Sensationalism is perhaps just a distraction that keeps us from looking at reality with a balanced mind, which is why the disinformation websites get a lot more traffic than the substantive ones do.
That's not to say that the African witch doctor in the film isn't performing a legitimate task, of course. I didn't get a creepy feeling from it but that's only my personal impression, of course. I read about an initiation rite for young men in West Africa in which a drum was turned into a hyperdimensional portal that the initiate had to jump into. Talk about trust!
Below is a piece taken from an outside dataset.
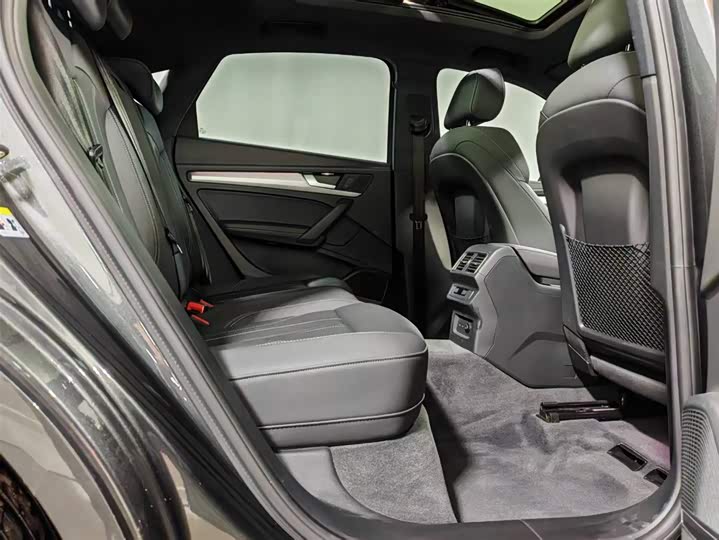 Фото 6 - Audi Q5L Sportback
When I do firewalks it doesn't feel sensational or even strange. When we bust a big blue hole with a home-made cloudbuster in a DOR-saturated sky it also doesn't feel sensational, though it's a lot of fun and it's genuinely empowering.
I gotta tell ya that this flying thing is pretty daunting. On my own, I still haven't done more than hop up around fifty feet while going down teh runway a few times but at least that experience boosted my confidence and also put an end to my anxiety-induced insomnia a month ago. I've got one more lesson in Roger's plane, then he's going to start coaching me over the radio from the ground, here at the field.
It snowed a lot last week. I laboriously shovelled through the foot of snow from the hangar to the taxiway, then the guys plowed the runway and taxiway, then the next couple of days all the snow melted but it looks like my final lesson will be coming up on Saturday, grid willing.
Anthony W told me that he thinks it's an absolute hoot to consider me flying that funny little airplane to a mountain top, dropping equally ridiculous, apparently inane objects on a billion-dollar death ray array and disabling it. Nobody appreciates the humor of this scenario more than I do, though.
Hey, what do you suppose the Unorganized Etheric Air Force will look like in five years? I bet it will have some real airplanes in it. Maybe we'll have a C-130 to drop cloudbusters all across the Sahara, for instance. Talk about humble beginnings!